◆ **SUPPLIED DATA**
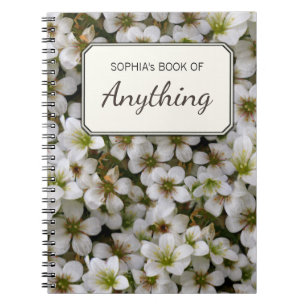 Botanical Photo White Garden Flowers Personalized Notebook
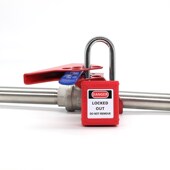 红色多孔钢制标准球阀锁上锁挂牌楔形自来水管阀门手柄锁防误操作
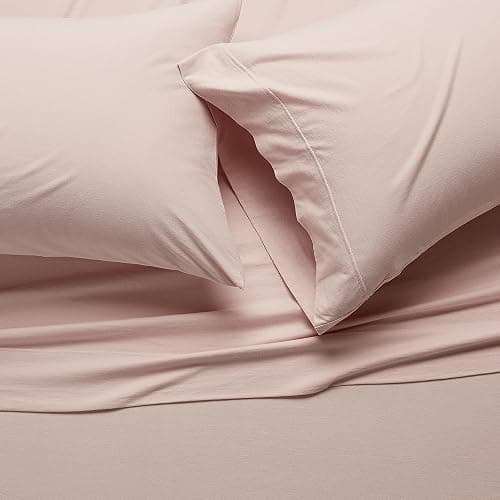 Amazon Basics 4 Piece Breathable 100% Cotton Jersey Knit Bed Sheet Set, Includes Flat and Fitted Sheets, Pillowcase, Queen, Blush thumbnail 3
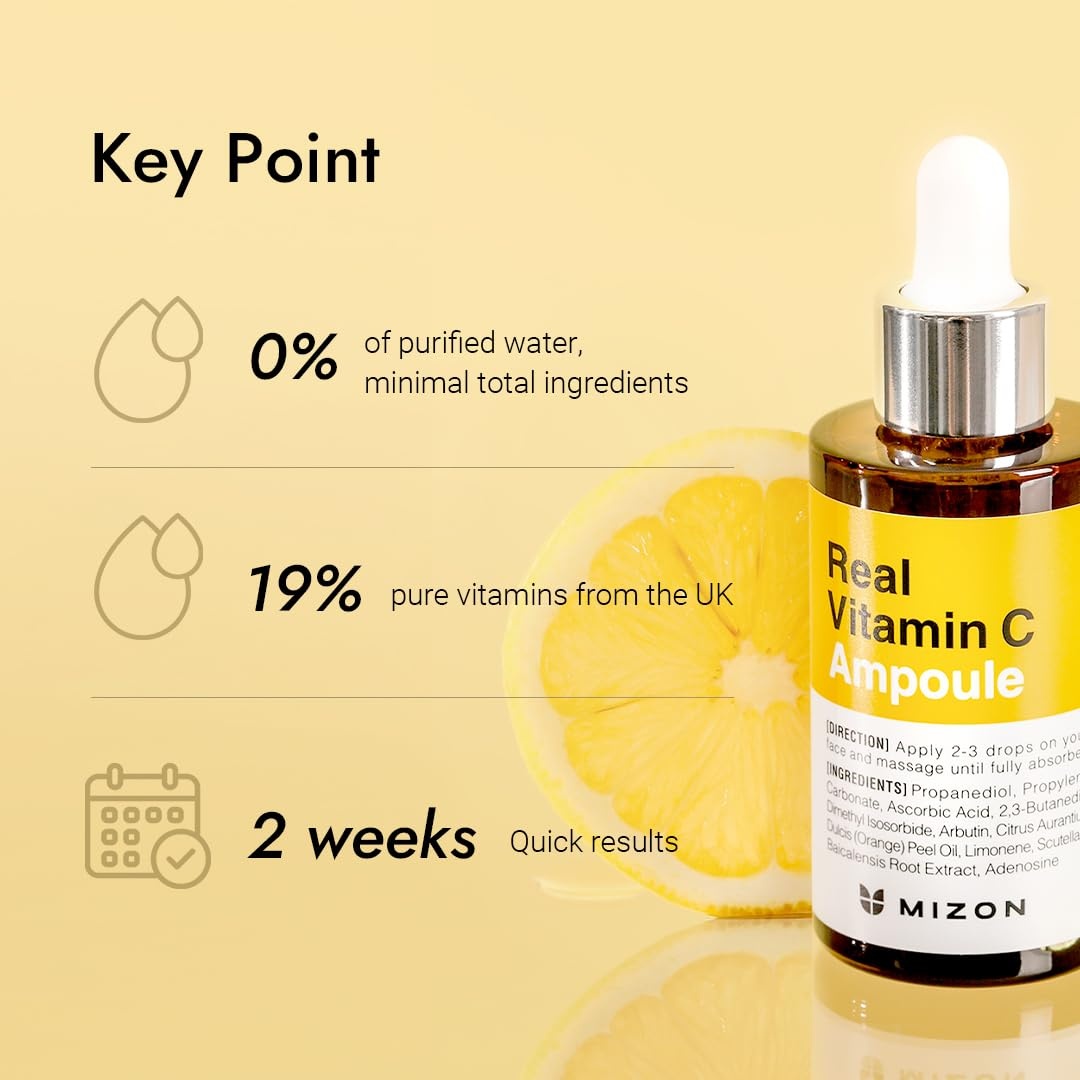 image:imageMIZON Real Vitamin C Ampoule Pure Vitamin C No Water Added10 Ingredients Nutrition Face Moisturizer 101 fl oz101 Fl Oz Pack of 1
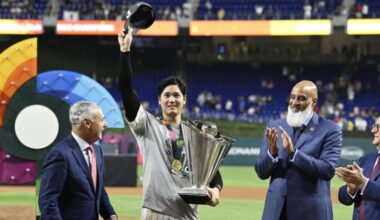 Ohtani's WBC locker room nameplate sells for $116,010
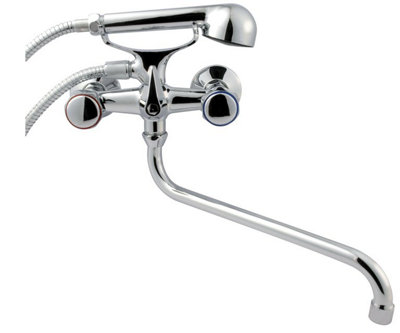 Invena Chrome Round Tap Head Bath Filler Shower Mixer Wall Mounted 'S' Type 30cm Spout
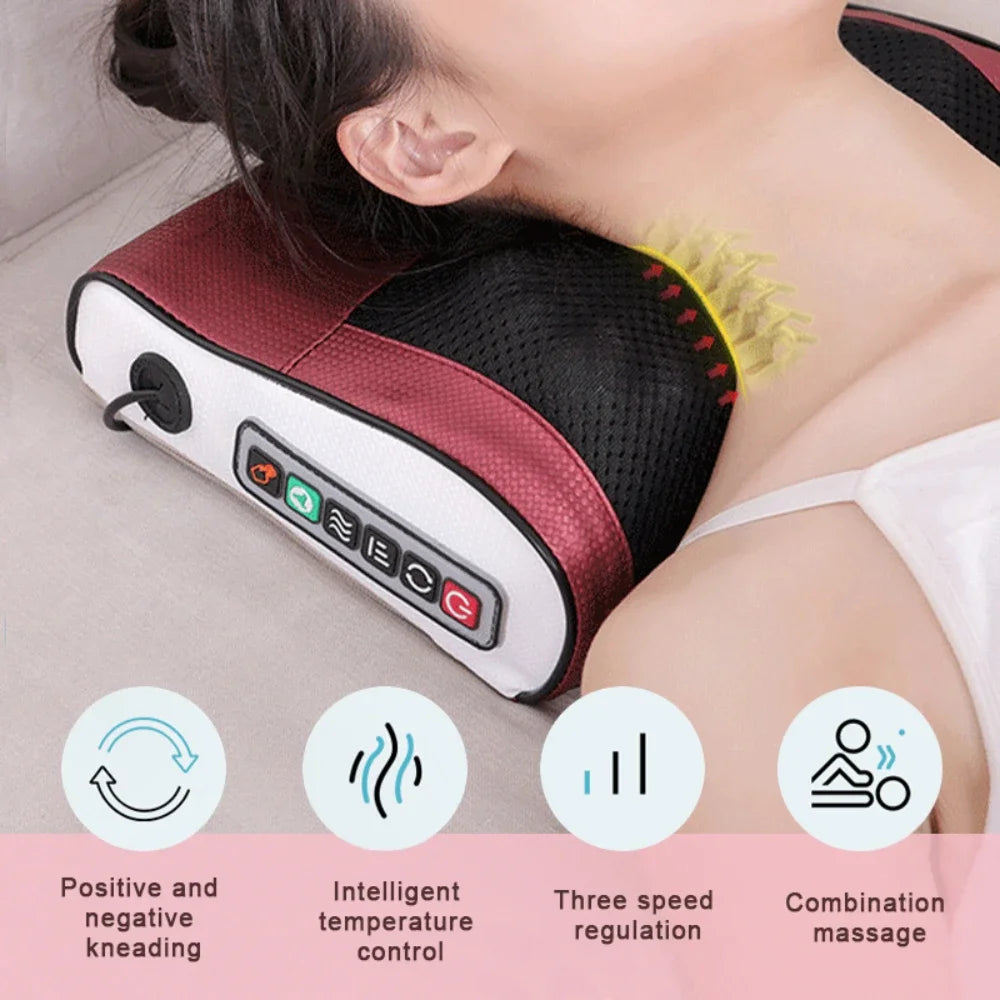 HexoEase Heated Massage Pillow for Neck, Back & Shoulder Relief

◆ **ASSIGNMENT**
Would you copy the lines from the one holding "Ohtani's WBC locker" down to the last line of the material, both included, exactly and with nothing added, skipping the pictures?

◆ **WRITTEN SOLUTION**
 Ohtani's WBC locker room nameplate sells for $116,010
 Invena Chrome Round Tap Head Bath Filler Shower Mixer Wall Mounted 'S' Type 30cm Spout
 HexoEase Heated Massage Pillow for Neck, Back & Shoulder Relief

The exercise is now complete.